Jetson Platform Services has several reference AI Services and workflows to build powerful AI applications at the edge such as a VLM alert system and Zero Shot Detection. The AI services and workflows are provided as prebuilt containers with docker compose files hosted on NGC. For comprehensive documentation about Jetson Platform Services, the AI services and workflows, view the documentation here to get started. The linked documentation has all the instructions to setup your Jetson, install Jetson Platform Services and run the AI Services and workflows.
This repository contains the source code for the reference AI services, workflows and notebooks associated with Jetson Platform Services. This repository is only needed if you want to customize and rebuild the AI Service containers or run the Jupyter notebook examples. If you are only looking to run the prebuilt services and workflows, then follow the documentation here.
To customize and build the AI Service containers locally on your Jetson, you must clone this repository recursively, install Jetson Platform Services and then configure the default docker runtime.
git clone --recurse-submodules https://github.com/NVIDIA-AI-IOT/jetson-platform-services
Before running any services, workflows or notebooks from this repository, follow the Jetson Platform Services quick-start guide here. The linked quick-start guide will walk you through the steps to setup your Jetson with Jetson Platform Services.
If you are going to build the container locally (instead of using the prebuilt ones from NGC) then the default docker runtime on your Jetson must be set to "nvidia".
On your Jetson, edit the file /etc/docker/daemon.json
to include "default-runtime": "nvidia"
{
"runtimes": {
"nvidia": {
"args": [],
"path": "nvidia-container-runtime"
}
},
"default-runtime": "nvidia"
}
If you want to run docker commands without sudo, then add your user to the docker group.
sudo groupadd docker
sudo usermod -aG docker $USER
NOTE: After these two steps, reboot your Jetson for it to take effect.
With the setup complete, you can now explore the links below to see the source code for the AI services and instructions to rebuild the containers after modification. These containers can then be combined with other parts of Jetson Platform Services to build workflows such as a VLM Alert System. We also provide a sample Jupyter notebook to show how Jetson Platform Services can be used for Traffic Analytics.

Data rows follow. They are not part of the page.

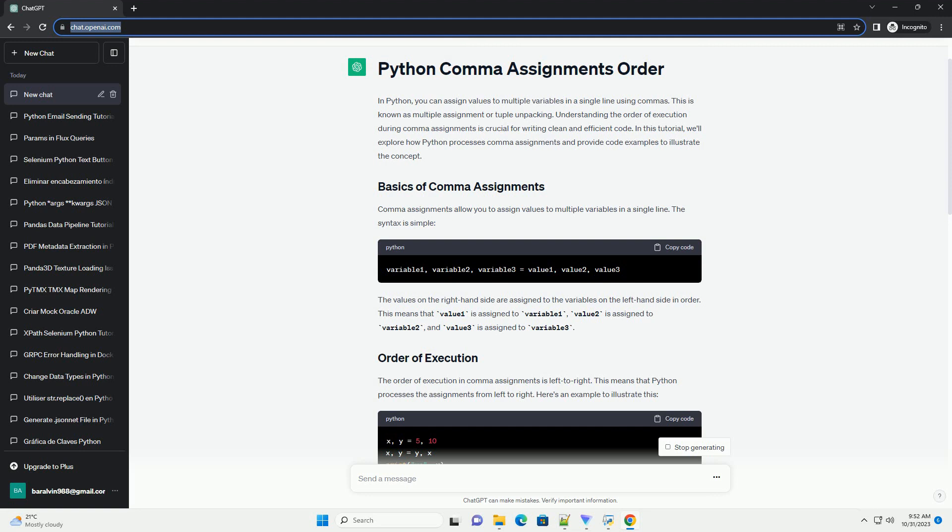Here's an example to illustrate this. We initially assign 5 to x and 10 to y. Then we swap the values of x and y. If the assignments occurred from right to left, y would be assigned to x before x is assigned to y, resulting in both variables having the value 10. However, due to the left-to-right order of execution, we get the desired swap.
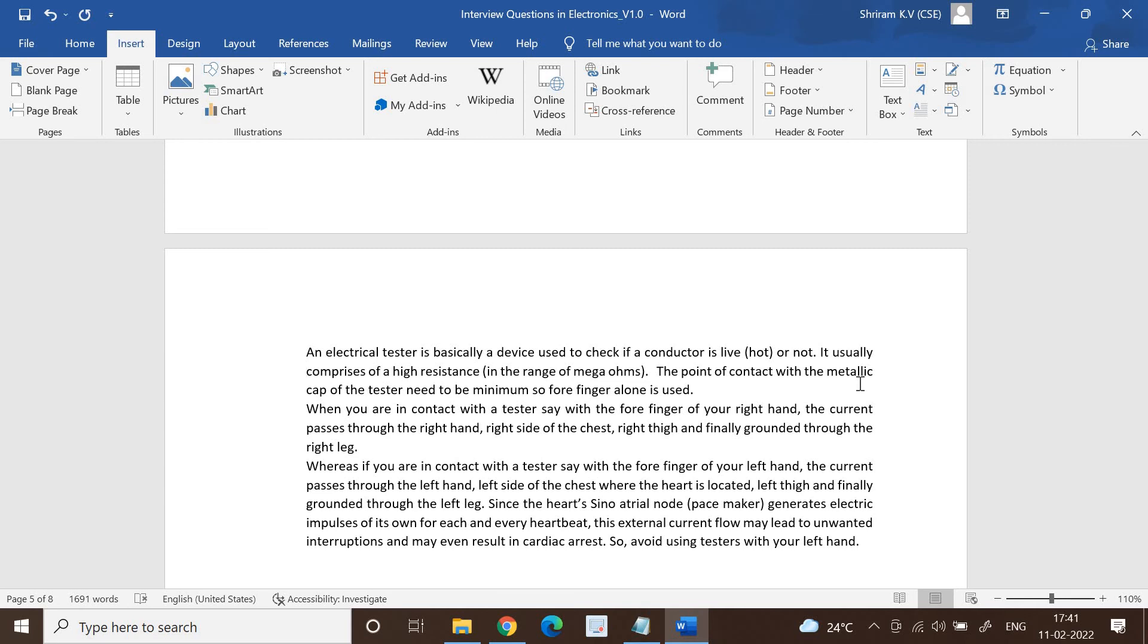But if you are using your left hand, the forefinger of the left hand, the current passes through the left hand, left side of the chest where the heart is located, left thigh, and finally gets grounded to the left leg.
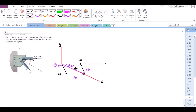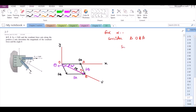Now we have to find the magnitude of the resultant force. For that we have to find some angles. Let's call this angle alpha. If we consider the triangle O, A, and B, we can apply the sine rule: sine alpha over FA, that is 3 kN, equals sine 30 degrees over FB, that is 2 kN. From here, alpha is equal to 48.59 degrees.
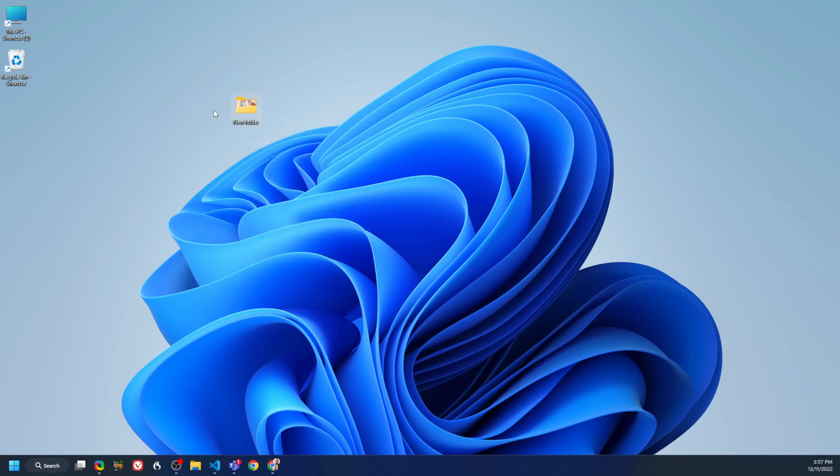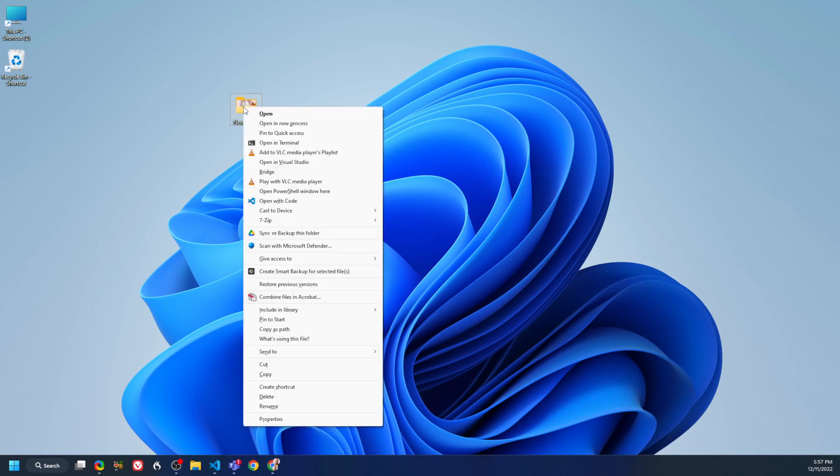But if you want the previous menu, you just hold Shift, then right-click, and it brings the previous menu immediately.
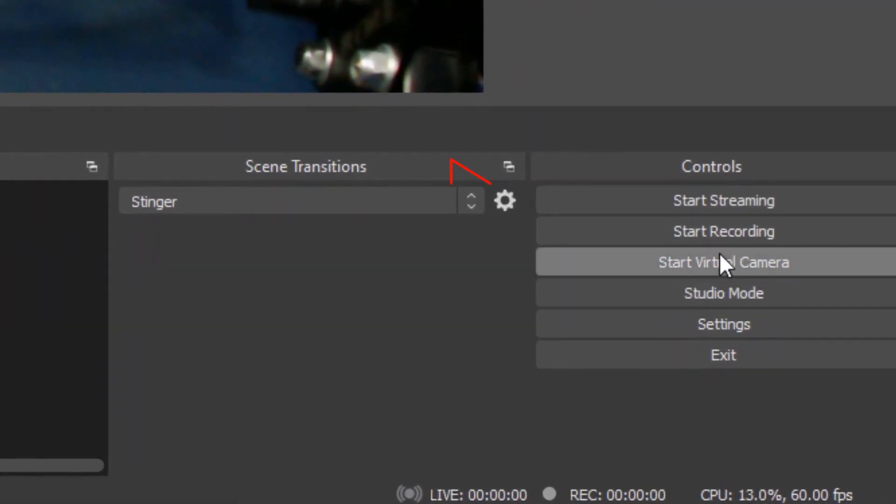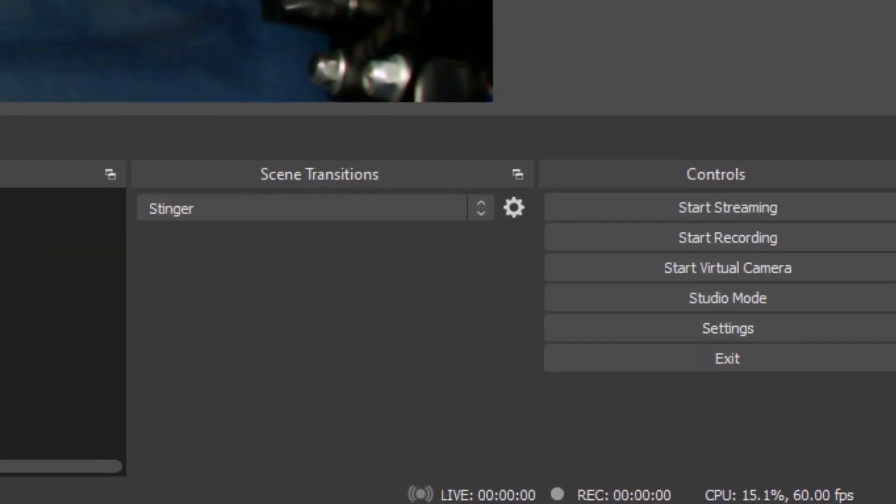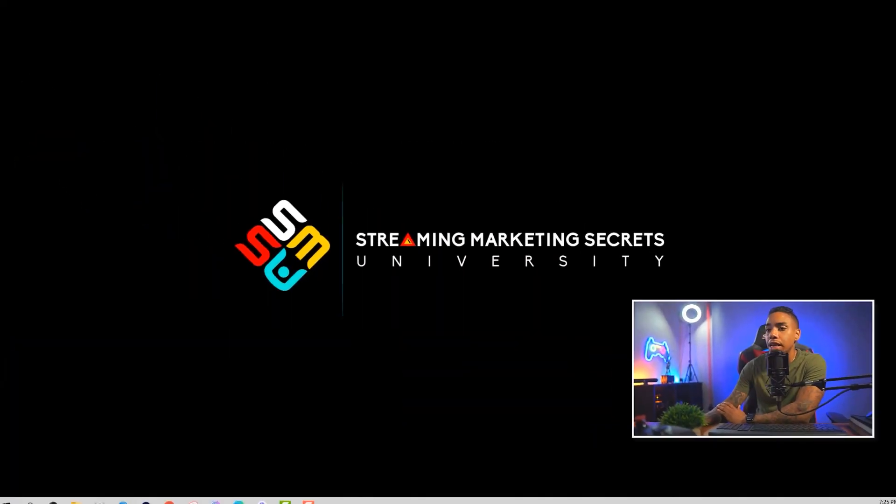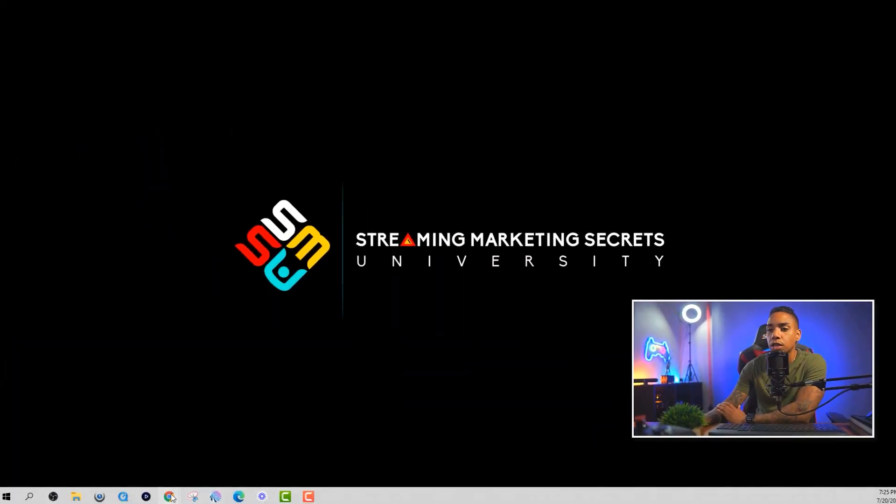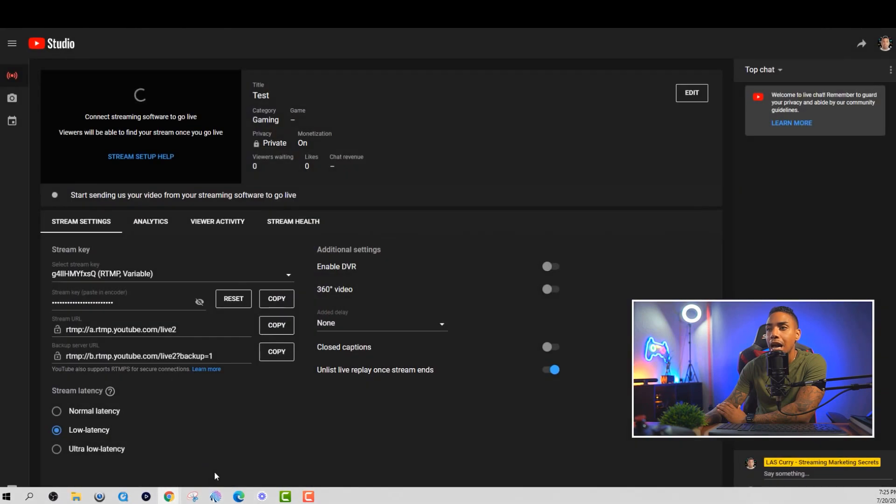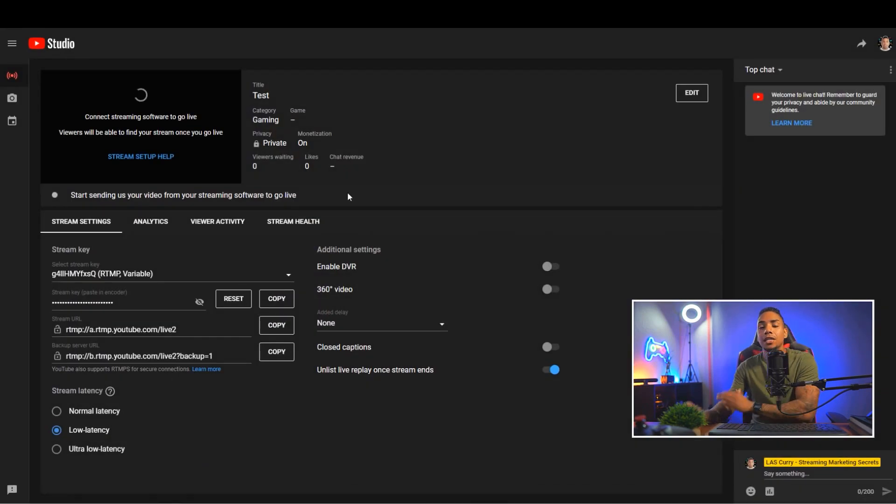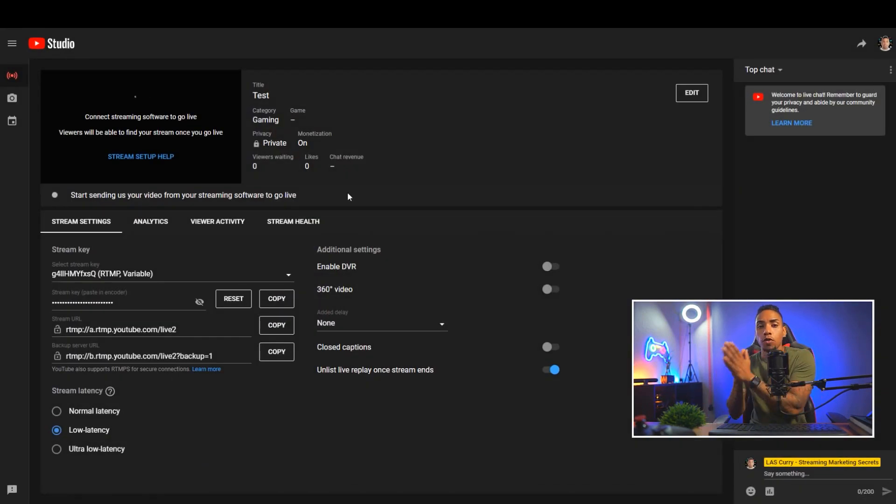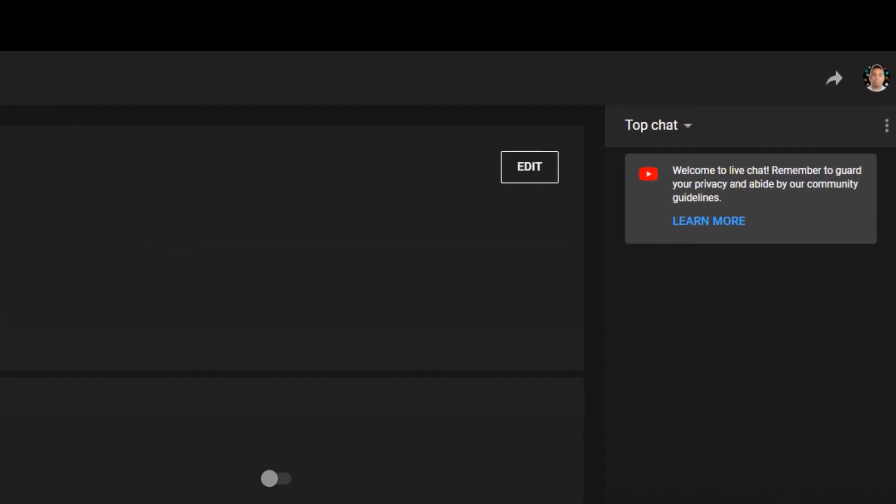Now you want to hit start streaming. And then once you hit start streaming, what's going to happen is that it's going to push your stream over to YouTube, and then you can select go live. And once you hit go live, you now are officially streaming on YouTube.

AI services are individual containers that implement a specific AI related function such as Zero Shot Detection or Visual Language Model inference. These AI services can be run on their own and interacted with directly through their respective APIs or combined with other parts of Jetson Platform Services.
Workflows combine several parts of Jetson Platform Services to create full systems such as Zero Shot Detection with dynamic camera routing and a VLM based alert system with mobile app integration.
A sample Jupyter Notebook is provided to show how Jetson Platform Services can be used to generate traffic analytics.